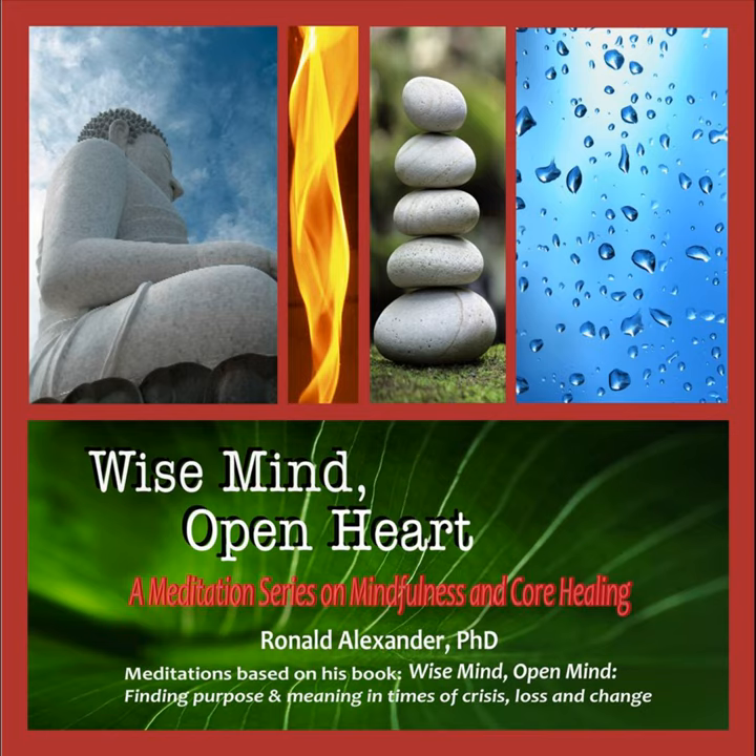Alternatively, sit in an ergonomic office chair with lumbar support. If you're sitting up, close your eyes. If you're lying down, keep your eyes half open to prevent yourself from falling asleep. Step two: focus your eyes. With your eyes closed, focus them on one spot. You may wish to focus them towards the tip of your nose or on your third eye — the chakra or energy point identified in yogic and meditative systems, the area in the middle of the forehead often known as the mind's eye.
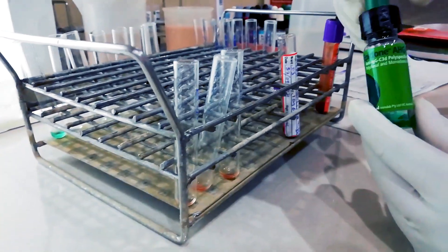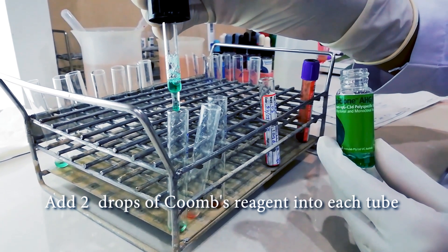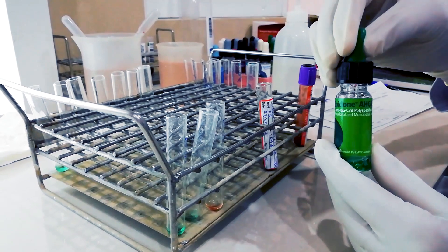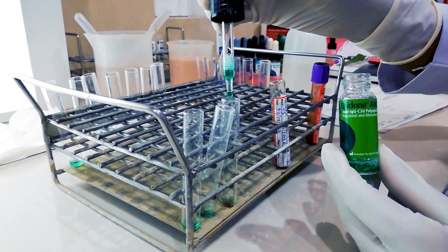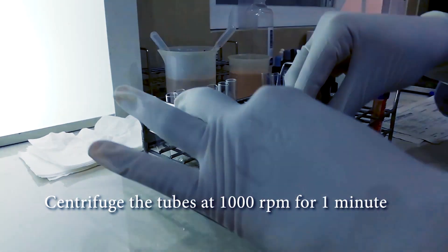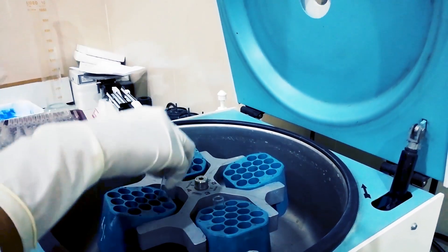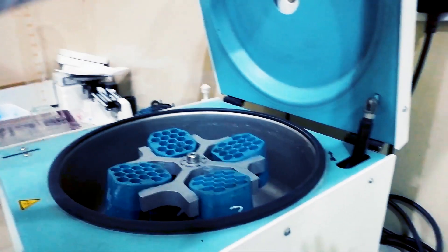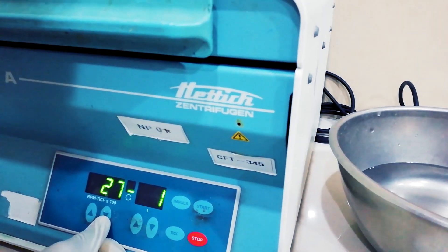After that, we have to add anti-human globulin reagent to each tube. Then we centrifuge at 1000 rpm for 1 minute.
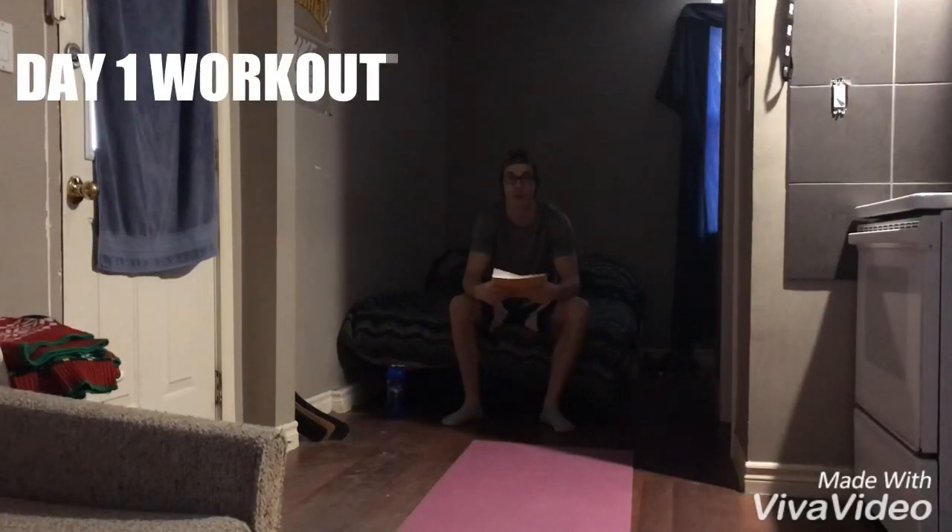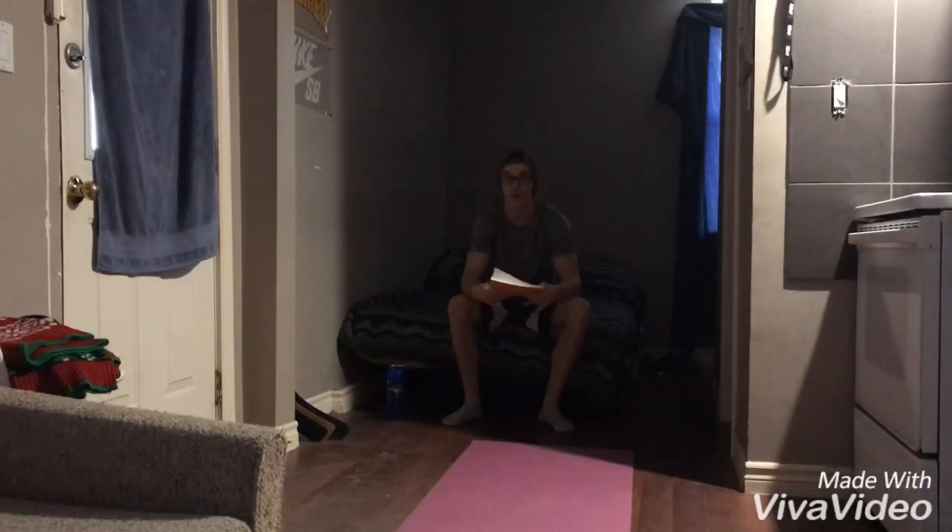What's going on guys, Jeff Easter back with another YouTube video. As I told you in yesterday's video, I'm going to wake up every morning and do a small workout. It is 10 o'clock on Saturday morning. I'm going to read you the workouts I'm going to do today — this is just a great way in the morning to make yourself feel ready, fueled, and just all around amazing. I'm going to start with push-ups right now.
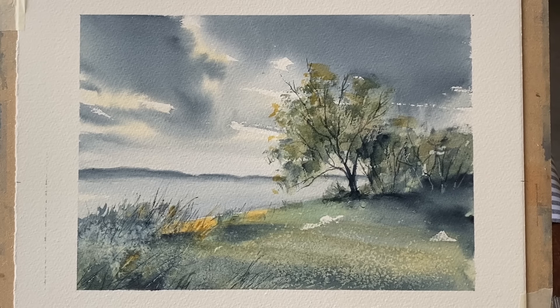Hi and welcome to Lois and Morgana Davidson Art. It's Lois here and today I'm going to be painting a cloudy sky with a lake, a distant shore and a tree, and some pretty flowers in the foreground created by little salt effects.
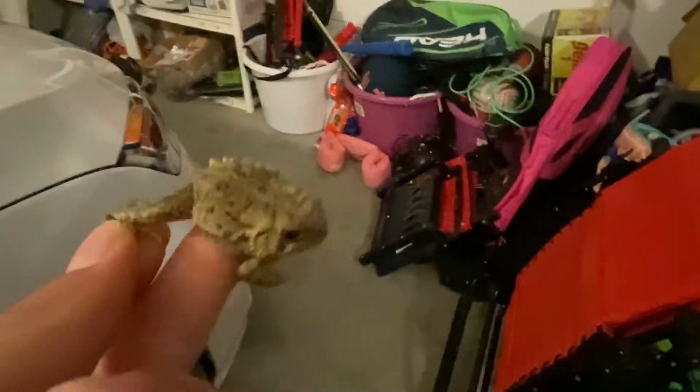The first toad of the season has been spotted! Aw dang it, the low light — let me grab it. Let's bring him into the light. I'm probably gonna be putting this guy in my toad video when I carved a wooden toad. Yep, he peed on me alright. But anyways, there he is.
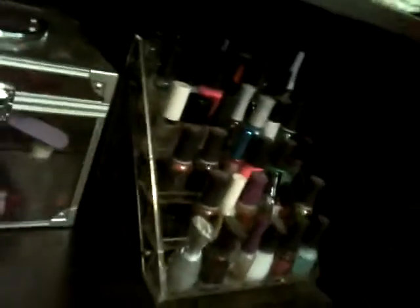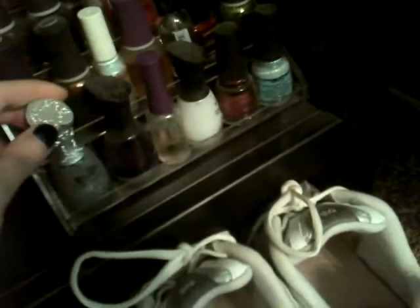These are some of my favorites — these are the Orly FX collection, and I just love these. Here's more from the Orly collection. It's really hard to get these colors to pick up right. And this is just a really interesting bottle — it's made to look like a dress.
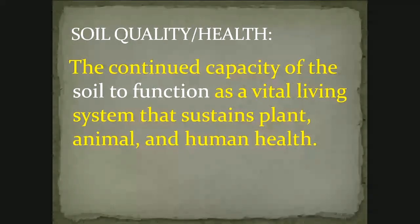We'll get started with a little definition. Years ago, we used to refer to soil health as soil quality. Now the term soil health is pretty much the standard, but it's the continued capacity of the soil to function as a vital living system that sustains plant, animal, and human health. If you think about your own health, that's your capacity to function. The doctor checks you over and determines how well you are functioning, and if you're not functioning very well, how can your health be restored so that you can do everything you would like to do and really move forward and accomplish what you want to accomplish.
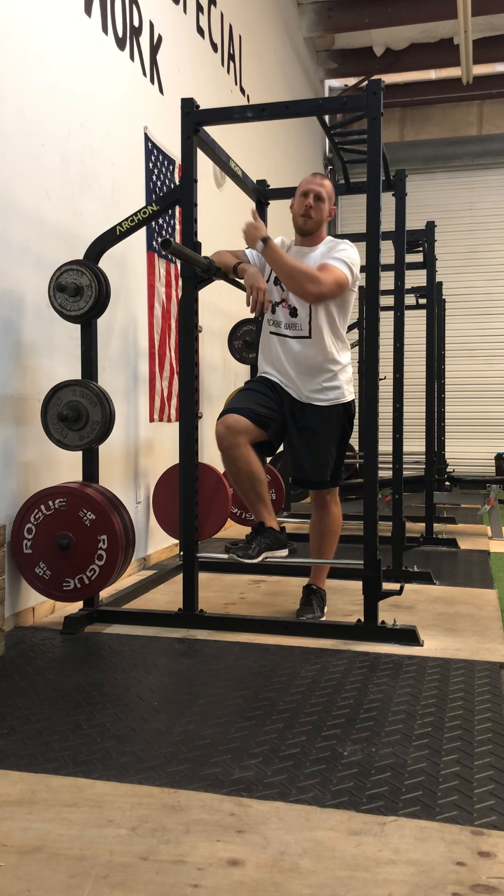You do want to loosen up the pecs. Pec minor actually starts at the sternum, comes all the way over to the top of the humerus — it's kind of the reason for a lot of shoulder tightness sometimes. At 90 degrees is where you want to stretch the pec minor; I would go 30 seconds right there. Something else that could help would be a lat stretch — stretching the lat muscle out — and a forearm stretch would help as well.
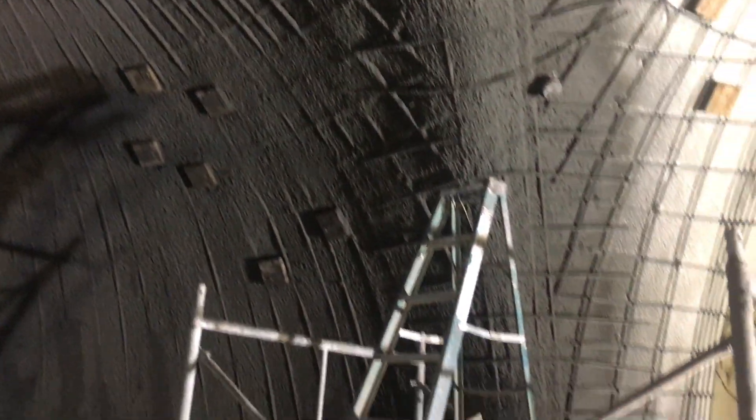This is now the dome with three coats — three thin coats of concrete on it. Some areas are still quite a bit thinner than others.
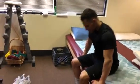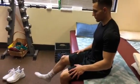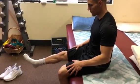This is the long arc quad. Alec is sitting at the edge of his bed or table and he's going to bring his leg up, feeling the contraction in the front of his thigh.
+-------+
> **EXERCISE**: Please print the entries exactly as they stand. Images are not part of the copy.

> **COMPLETED EXERCISE**:
Alternatively, sit in an ergonomic office chair with lumbar support. If you're sitting up, close your eyes. If you're lying down, keep your eyes half open to prevent yourself from falling asleep. Step two: focus your eyes. With your eyes closed, focus them on one spot. You may wish to focus them towards the tip of your nose or on your third eye — the chakra or energy point identified in yogic and meditative systems, the area in the middle of the forehead often known as the mind's eye.
After that, we have to add anti-human globulin reagent to each tube. Then we centrifuge at 1000 rpm for 1 minute.
What's going on guys, Jeff Easter back with another YouTube video. As I told you in yesterday's video, I'm going to wake up every morning and do a small workout. It is 10 o'clock on Saturday morning. I'm going to read you the workouts I'm going to do today — this is just a great way in the morning to make yourself feel ready, fueled, and just all around amazing. I'm going to start with push-ups right now.
Hi and welcome to Lois and Morgana Davidson Art. It's Lois here and today I'm going to be painting a cloudy sky with a lake, a distant shore and a tree, and some pretty flowers in the foreground created by little salt effects.
The first toad of the season has been spotted! Aw dang it, the low light — let me grab it. Let's bring him into the light. I'm probably gonna be putting this guy in my toad video when I carved a wooden toad. Yep, he peed on me alright. But anyways, there he is.
These are some of my favorites — these are the Orly FX collection, and I just love these. Here's more from the Orly collection. It's really hard to get these colors to pick up right. And this is just a really interesting bottle — it's made to look like a dress.
We'll get started with a little definition. Years ago, we used to refer to soil health as soil quality. Now the term soil health is pretty much the standard, but it's the continued capacity of the soil to function as a vital living system that sustains plant, animal, and human health. If you think about your own health, that's your capacity to function. The doctor checks you over and determines how well you are functioning, and if you're not functioning very well, how can your health be restored so that you can do everything you would like to do and really move forward and accomplish what you want to accomplish.
You do want to loosen up the pecs. Pec minor actually starts at the sternum, comes all the way over to the top of the humerus — it's kind of the reason for a lot of shoulder tightness sometimes. At 90 degrees is where you want to stretch the pec minor; I would go 30 seconds right there. Something else that could help would be a lat stretch — stretching the lat muscle out — and a forearm stretch would help as well.
This is now the dome with three coats — three thin coats of concrete on it. Some areas are still quite a bit thinner than others.
This is the long arc quad. Alec is sitting at the edge of his bed or table and he's going to bring his leg up, feeling the contraction in the front of his thigh.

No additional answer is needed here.